DH is now working half time-ish at his old place, and half time-ish on his new projects which means much more time at home, and much less rushing about here there and everywhere in the manner of a 40-something heading for a heart attack. The realist in me knows this is the calm before the storm of him getting his teeth into something really crunchy and thinking up all kind of mad cap bankrupting schemes, but I'm enjoying it anyway. Anyone else married to a workaholic mad man or is it just me?

It's nap time, I love the one nap a day schedule.

ecofreckle · 04/08/2014 15:20

Can I marry you Wotta? Great tip.

Doli we moved to one nap a day yesterday for first time. Same again today. Other than short fuse pre lunch time (her mum's daughter) she seemed fine and slept well both for nap and overnight. Have you been doing it long Doli? If so can you recall how long the irritableness lasted? And, I say 'we' switched to one nap, what I actually meant was dh switched to one nap. He's cancelled his engagements and stayed home. He's on fourth day of full time daddying and doing a great job. I'm very grateful.Ecotod is happy, food is getting prepped, the dishwasher is being emptied. My rare foray downstairs has uncovered a building pile of 'stuff'. You know the stuff....the stuff that only one person in the house notices and deals with. But I can't complain about that! I wish it meant that I could sleep all day but as Wotta said, sleep is hard to come by when you have two golf balls in your throat. I cannot believe I didn't notice them. Bloody grisly! But I'm having to do nothing at all so that is a blessed relief. Thanks for your wishes.

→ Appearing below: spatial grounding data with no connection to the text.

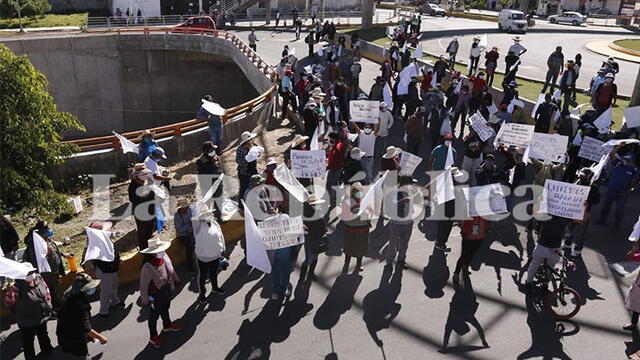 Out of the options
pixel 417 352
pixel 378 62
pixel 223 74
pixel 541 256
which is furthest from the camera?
pixel 223 74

sounds like your dh is like you pre wake-up with regards work. You sound like you were quite workaholic? Maybe this new direction is an opportunity to negotiate a ceiling level of commitment to work in light of babax and possible health issues?

rainbowtoddle · 04/08/2014 15:23

eco that sounds truly horrible - I hope the antibiotics kick in soon and you start feeling better.

betty sanibel looks amazing but we are going to Orlando as per DH's 30th birthday wish. Staying in some awesome hotels near various parks so should be fun although probably exhausting holiday!

plonky my strategy for the plane has so far been to pick up lots of party bag type little toys like stretchy yellow men, key rings and a load of stickers. I really can't anticipate how DD is going to handle the plane. Its either going to be ok and exhausting or a plain nightmare depending on her mood but we figured it's a tiny part of the whole holiday and worth the pain! We are trying to make it as easy as possible by staying at the airport the night before, buying fast track at security and the airport lounge and ensuring DD doesn't get on the plane until the last second possible. We will see if these things help!

Is anyone else toddle developing a strong stubborn and defiant streak at the moment? DD has always been very compliant with instructions and we know she understands everything we ask her but the last couple of days when we have asked her to do something like put some food back on her plate which she dropped on the table (something she has always done without hesitation) she looks at us from under her eyelashes, grinning and says "no thank you"! At least she is being polite!